SGH 0.00% 54.5¢ slater & gordon limited

Slater & Gordon cash crisis

  1. 1,368 Posts.
    The clock is ticking for troubled law firm Slater & Gordon with some now questioning whether the company is at risk of running out of money before June.

    Already, banks have loans outstanding to the group worth more than $600 million and the lenders will likely need to provide additional funds to ensure the business survives, sources said.

    The company’s cash flow position in the second half of the 2016 financial year was negative $20.9m and the group’s debt pile matures in May next year, with various covenant hurdles along the way that it needs to ensure it does not breach.

    As at fiscal 2016, the group’s net debt sat at $682.3m.

    Slater & Gordon struck trouble after buying the Quindell professional services division in a 2015 deal worth $1.23 billion, writing down $814.2m from the business, since rebranded as Slater & Gordon Solutions.

    Many have anticipated that the company is unlikely to collapse, but lenders are still mulling over a scheme of arrangement — effectively a recapitalisation plan — mooted by Slater & Gordon last week.

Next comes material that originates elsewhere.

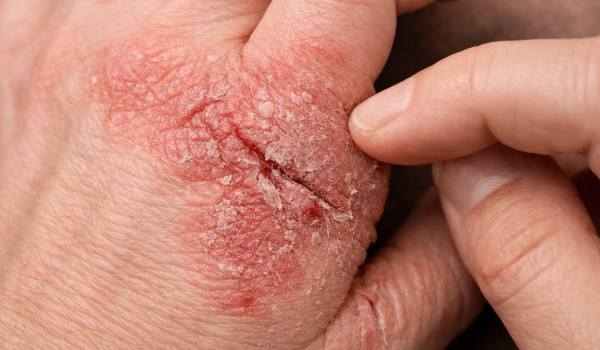 اگزما چیست و چگونه درمان میشود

    Among the existing lenders are Westpac, the National Australia Bank, RBS and Barclays, and many are betting that both Australian banks will be imminent sellers of their loans due to the fact that Australian banks are typically unprepared to swap debt for equity.

    The view is that the listed business was unlikely to collapse and that the most probable outcome was a successful recapitalisation of the company, given that it was not in the bank’s interests to see the business fail.

    For a scheme of arrangement, 75 per cent of the lenders need to agree, and with hedge funds recently buying into the debt pile they may now have power to veto any deal proposed by the major financiers.

    Moelis is working with the company and among the hedge funds that have recently bought loans from other financiers in Slater & Gordon are Varde Partners and Anchorage Capital Partners out of the US.

    Debt has traded for between 30c and 40c in the dollar in Slater & Gordon, that currently faces a class action.

    Shares in the company are selling at 17c after the group put out a statement last week about its lender discussions and trading performance.